→ **Entries supplied**:

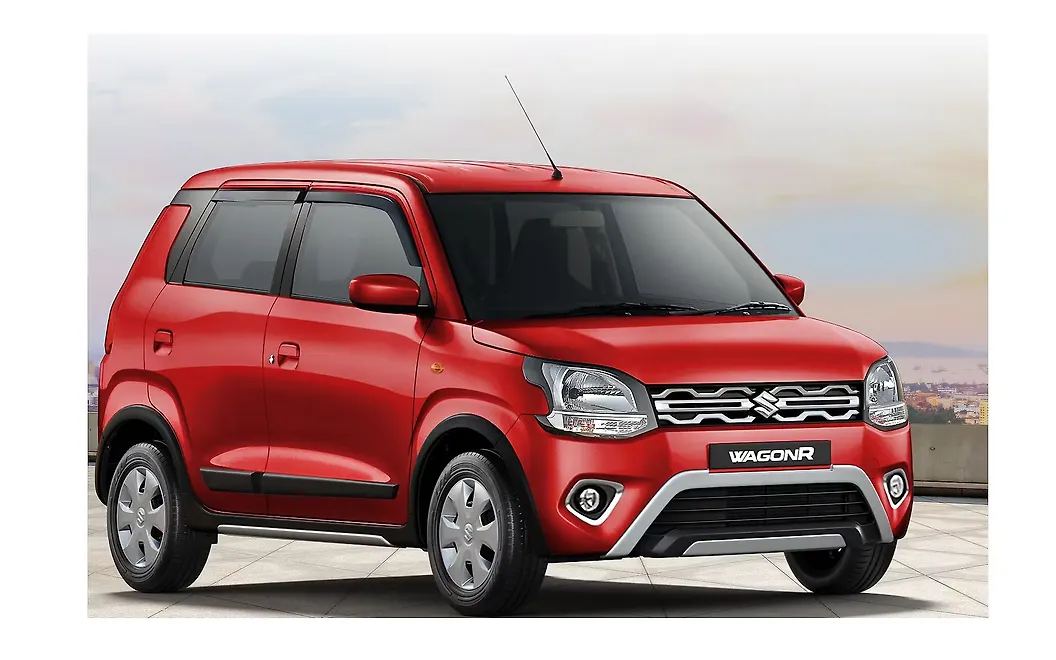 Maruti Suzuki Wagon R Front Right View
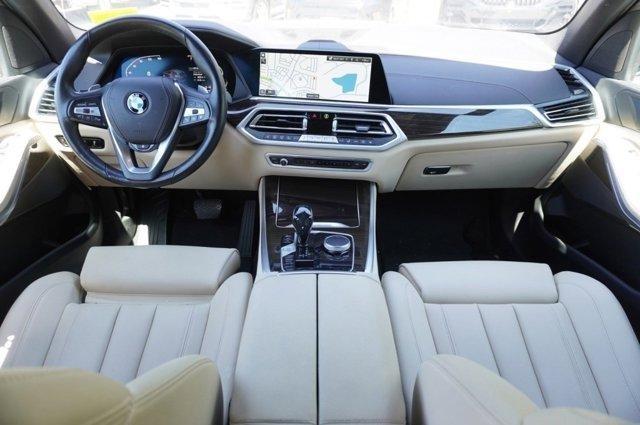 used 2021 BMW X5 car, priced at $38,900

---

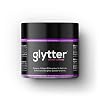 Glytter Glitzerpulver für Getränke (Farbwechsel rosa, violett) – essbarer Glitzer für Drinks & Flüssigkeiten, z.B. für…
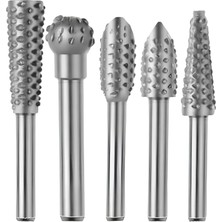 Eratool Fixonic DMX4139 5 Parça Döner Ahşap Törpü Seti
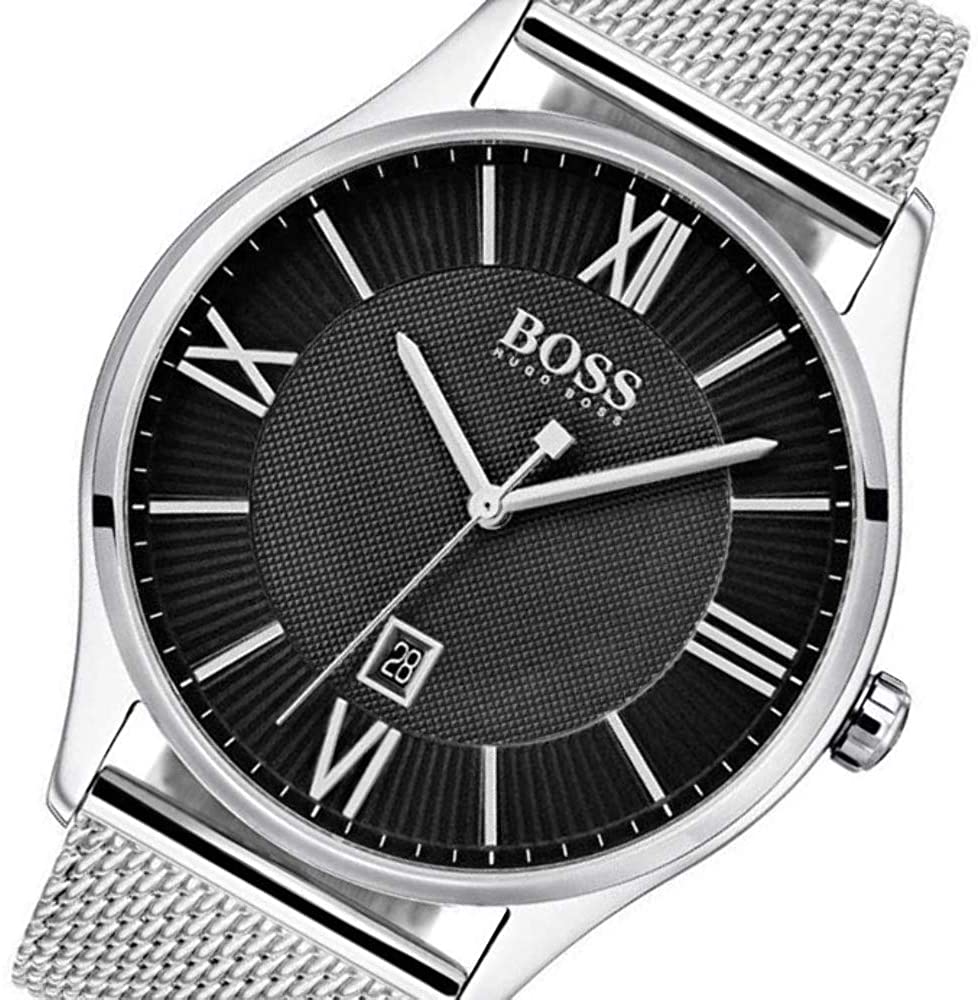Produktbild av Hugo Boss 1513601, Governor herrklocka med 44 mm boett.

...

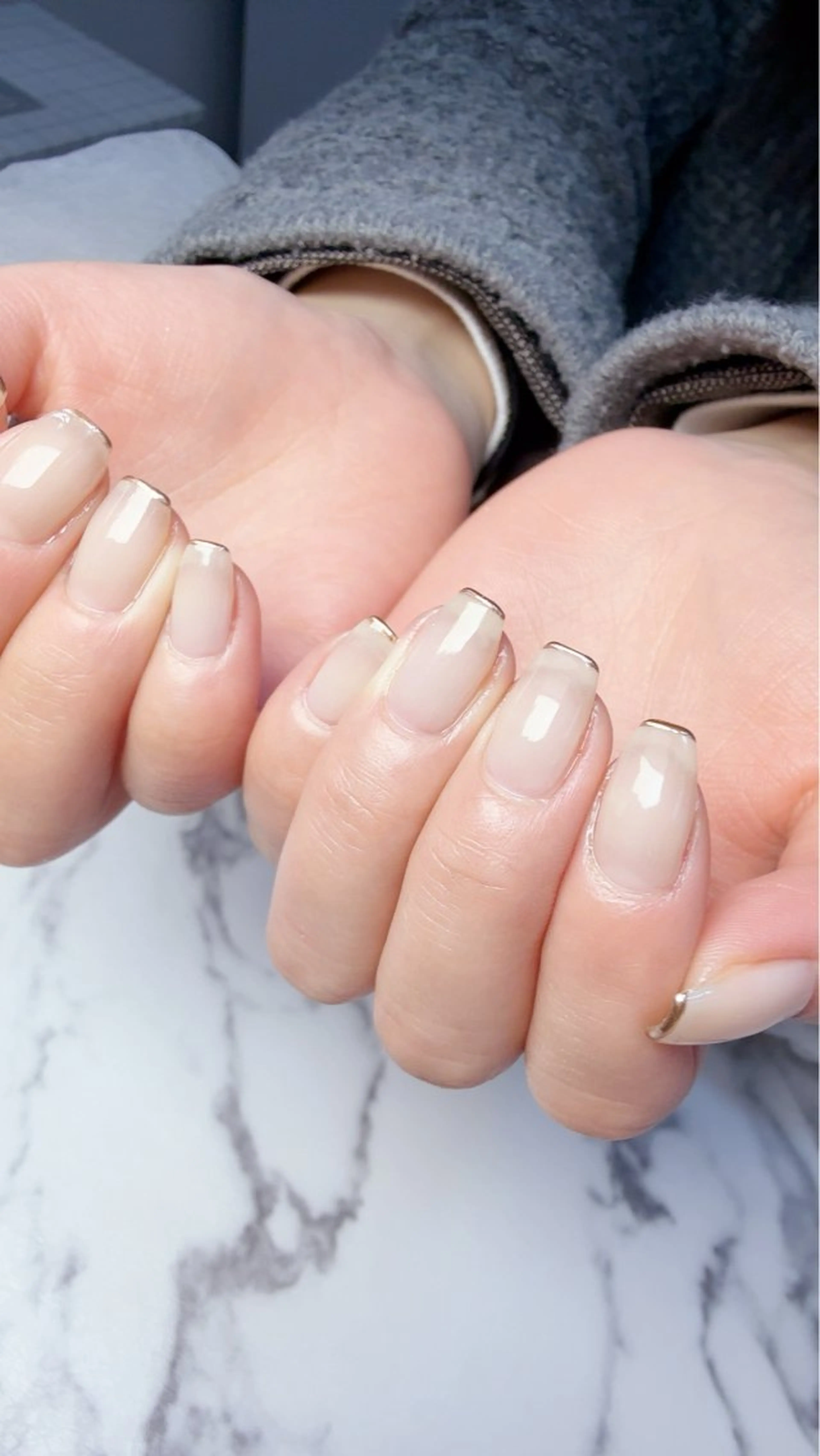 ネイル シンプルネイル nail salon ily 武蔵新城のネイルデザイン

→ **Required work**:
Every line above in the stretch from the one with "Maruti Suzuki Wagon R Front Right View" through the one with "used 2021 BMW X5 car, priced at $38,900" is to be transcribed exactly, ends included. No picture is copied.

→ **Finished task**:
 Maruti Suzuki Wagon R Front Right View
 used 2021 BMW X5 car, priced at $38,900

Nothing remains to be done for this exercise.